### AIM OF THE TASK
Write out the lines below once more, exactly as they appear. Do not include pictures.

Recorded data
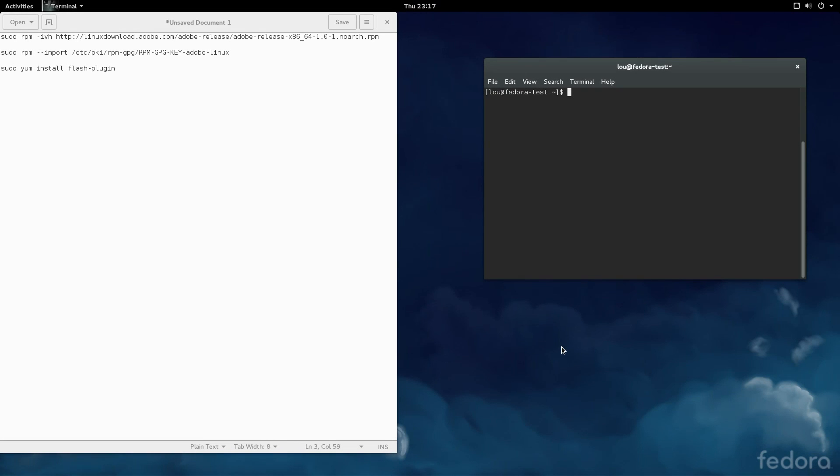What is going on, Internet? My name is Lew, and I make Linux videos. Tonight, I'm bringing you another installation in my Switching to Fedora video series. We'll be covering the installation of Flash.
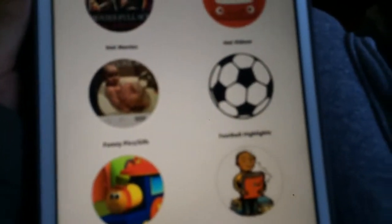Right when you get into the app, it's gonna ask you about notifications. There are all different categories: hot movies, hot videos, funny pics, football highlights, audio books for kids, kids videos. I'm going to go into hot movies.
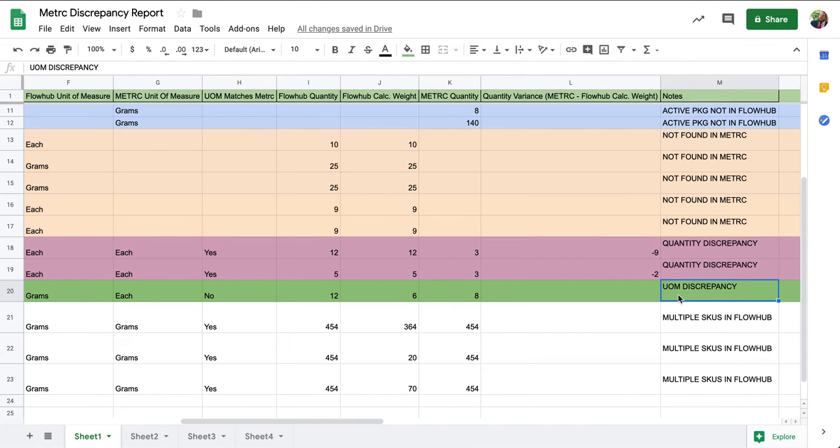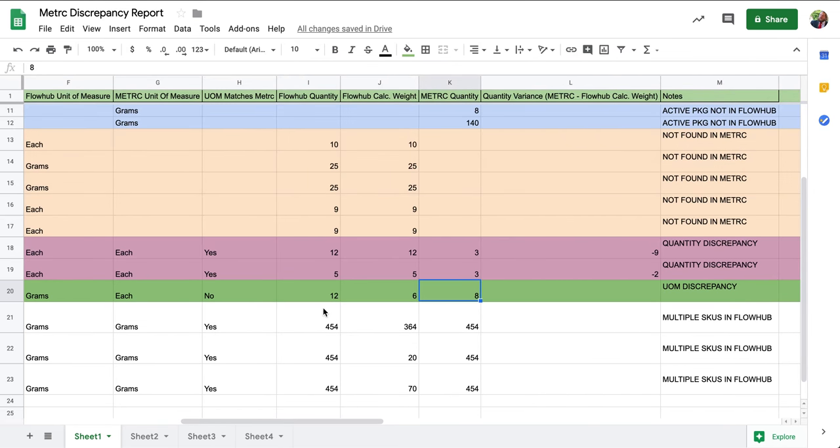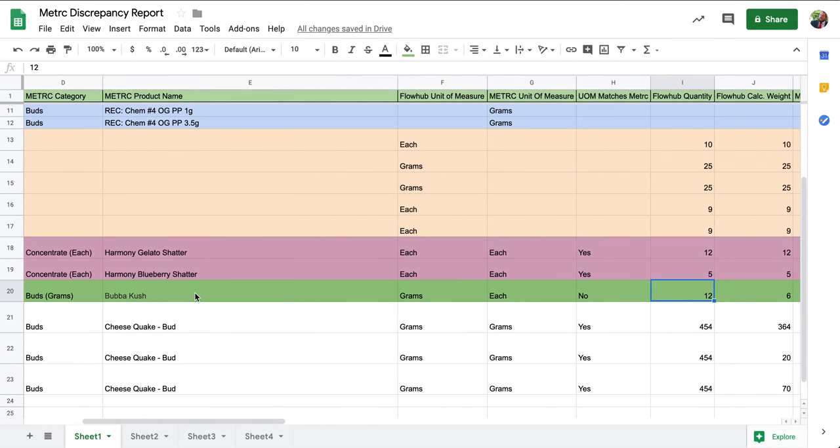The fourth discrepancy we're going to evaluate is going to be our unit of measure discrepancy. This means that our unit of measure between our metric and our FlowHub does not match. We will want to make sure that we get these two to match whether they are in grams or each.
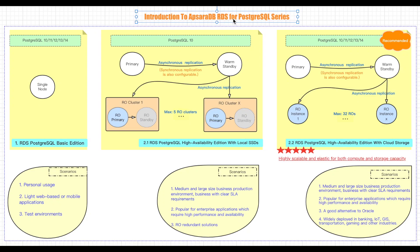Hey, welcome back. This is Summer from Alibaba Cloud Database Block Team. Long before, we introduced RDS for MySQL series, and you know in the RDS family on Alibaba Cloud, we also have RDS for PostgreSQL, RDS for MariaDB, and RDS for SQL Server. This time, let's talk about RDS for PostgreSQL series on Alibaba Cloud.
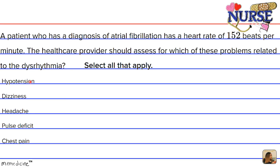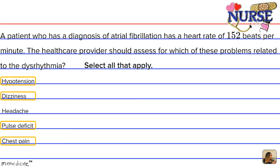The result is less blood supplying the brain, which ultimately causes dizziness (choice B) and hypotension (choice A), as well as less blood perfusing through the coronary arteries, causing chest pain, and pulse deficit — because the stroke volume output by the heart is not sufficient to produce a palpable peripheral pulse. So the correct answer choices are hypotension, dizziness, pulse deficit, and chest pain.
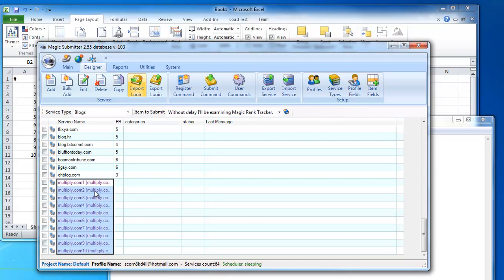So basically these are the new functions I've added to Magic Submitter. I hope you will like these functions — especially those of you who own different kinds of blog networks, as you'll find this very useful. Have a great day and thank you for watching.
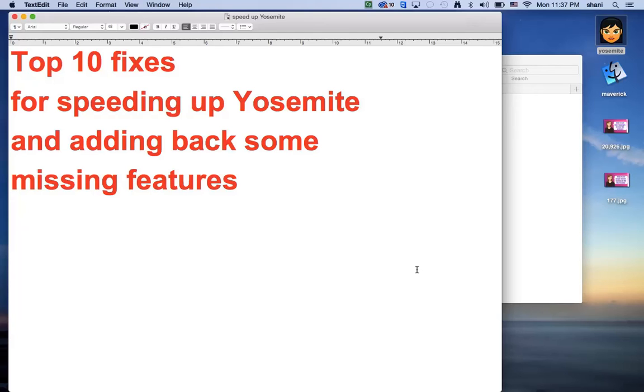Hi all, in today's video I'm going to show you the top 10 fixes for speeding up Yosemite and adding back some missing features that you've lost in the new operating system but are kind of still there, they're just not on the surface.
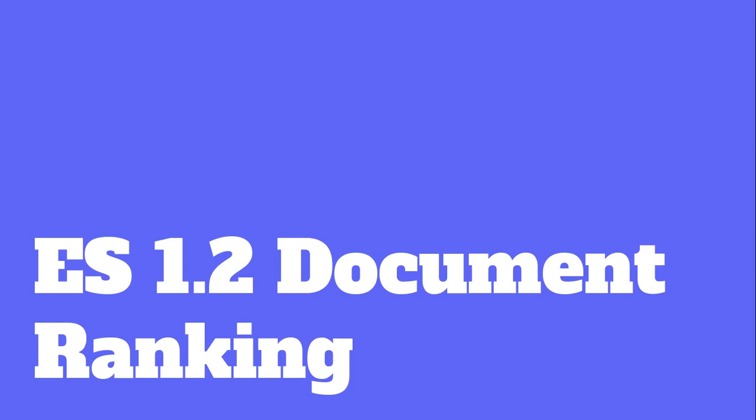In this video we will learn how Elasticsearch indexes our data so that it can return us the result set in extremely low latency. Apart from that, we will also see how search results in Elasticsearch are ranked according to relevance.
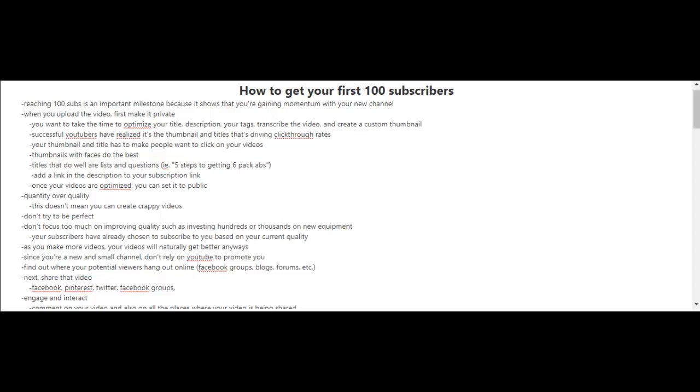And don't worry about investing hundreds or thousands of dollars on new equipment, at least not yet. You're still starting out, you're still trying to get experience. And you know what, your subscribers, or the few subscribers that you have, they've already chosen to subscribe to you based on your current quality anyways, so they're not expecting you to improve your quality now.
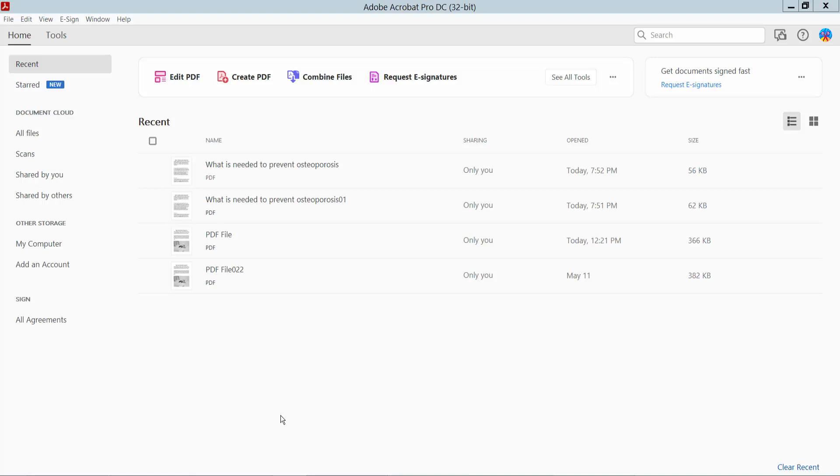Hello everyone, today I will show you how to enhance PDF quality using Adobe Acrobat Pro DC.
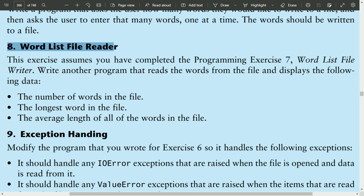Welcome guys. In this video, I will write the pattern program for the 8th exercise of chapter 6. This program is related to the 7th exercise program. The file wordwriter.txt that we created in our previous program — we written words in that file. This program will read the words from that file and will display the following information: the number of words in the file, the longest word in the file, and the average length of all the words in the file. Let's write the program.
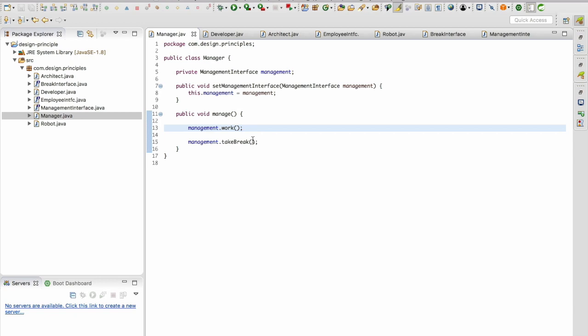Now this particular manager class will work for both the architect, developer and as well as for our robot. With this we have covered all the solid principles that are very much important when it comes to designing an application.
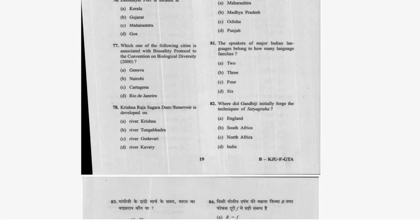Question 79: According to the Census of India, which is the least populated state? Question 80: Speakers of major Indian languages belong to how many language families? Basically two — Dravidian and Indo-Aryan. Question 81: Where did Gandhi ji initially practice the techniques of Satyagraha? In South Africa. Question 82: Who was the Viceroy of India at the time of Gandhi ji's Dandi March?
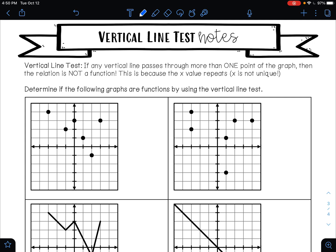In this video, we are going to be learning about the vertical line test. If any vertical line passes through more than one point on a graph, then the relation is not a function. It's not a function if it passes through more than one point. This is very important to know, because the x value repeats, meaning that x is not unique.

### RESULT OF THE TASK
What is going on, Internet? My name is Lew, and I make Linux videos. Tonight, I'm bringing you another installation in my Switching to Fedora video series. We'll be covering the installation of Flash.
Right when you get into the app, it's gonna ask you about notifications. There are all different categories: hot movies, hot videos, funny pics, football highlights, audio books for kids, kids videos. I'm going to go into hot movies.
The fourth discrepancy we're going to evaluate is going to be our unit of measure discrepancy. This means that our unit of measure between our metric and our FlowHub does not match. We will want to make sure that we get these two to match whether they are in grams or each.
Hey, welcome back. This is Summer from Alibaba Cloud Database Block Team. Long before, we introduced RDS for MySQL series, and you know in the RDS family on Alibaba Cloud, we also have RDS for PostgreSQL, RDS for MariaDB, and RDS for SQL Server. This time, let's talk about RDS for PostgreSQL series on Alibaba Cloud.
The result is less blood supplying the brain, which ultimately causes dizziness (choice B) and hypotension (choice A), as well as less blood perfusing through the coronary arteries, causing chest pain, and pulse deficit — because the stroke volume output by the heart is not sufficient to produce a palpable peripheral pulse. So the correct answer choices are hypotension, dizziness, pulse deficit, and chest pain.
So basically these are the new functions I've added to Magic Submitter. I hope you will like these functions — especially those of you who own different kinds of blog networks, as you'll find this very useful. Have a great day and thank you for watching.
Hi all, in today's video I'm going to show you the top 10 fixes for speeding up Yosemite and adding back some missing features that you've lost in the new operating system but are kind of still there, they're just not on the surface.
In this video we will learn how Elasticsearch indexes our data so that it can return us the result set in extremely low latency. Apart from that, we will also see how search results in Elasticsearch are ranked according to relevance.
And don't worry about investing hundreds or thousands of dollars on new equipment, at least not yet. You're still starting out, you're still trying to get experience. And you know what, your subscribers, or the few subscribers that you have, they've already chosen to subscribe to you based on your current quality anyways, so they're not expecting you to improve your quality now.
Hello everyone, today I will show you how to enhance PDF quality using Adobe Acrobat Pro DC.
Welcome guys. In this video, I will write the pattern program for the 8th exercise of chapter 6. This program is related to the 7th exercise program. The file wordwriter.txt that we created in our previous program — we written words in that file. This program will read the words from that file and will display the following information: the number of words in the file, the longest word in the file, and the average length of all the words in the file. Let's write the program.
Now this particular manager class will work for both the architect, developer and as well as for our robot. With this we have covered all the solid principles that are very much important when it comes to designing an application.
Question 79: According to the Census of India, which is the least populated state? Question 80: Speakers of major Indian languages belong to how many language families? Basically two — Dravidian and Indo-Aryan. Question 81: Where did Gandhi ji initially practice the techniques of Satyagraha? In South Africa. Question 82: Who was the Viceroy of India at the time of Gandhi ji's Dandi March?
In this video, we are going to be learning about the vertical line test. If any vertical line passes through more than one point on a graph, then the relation is not a function. It's not a function if it passes through more than one point. This is very important to know, because the x value repeats, meaning that x is not unique.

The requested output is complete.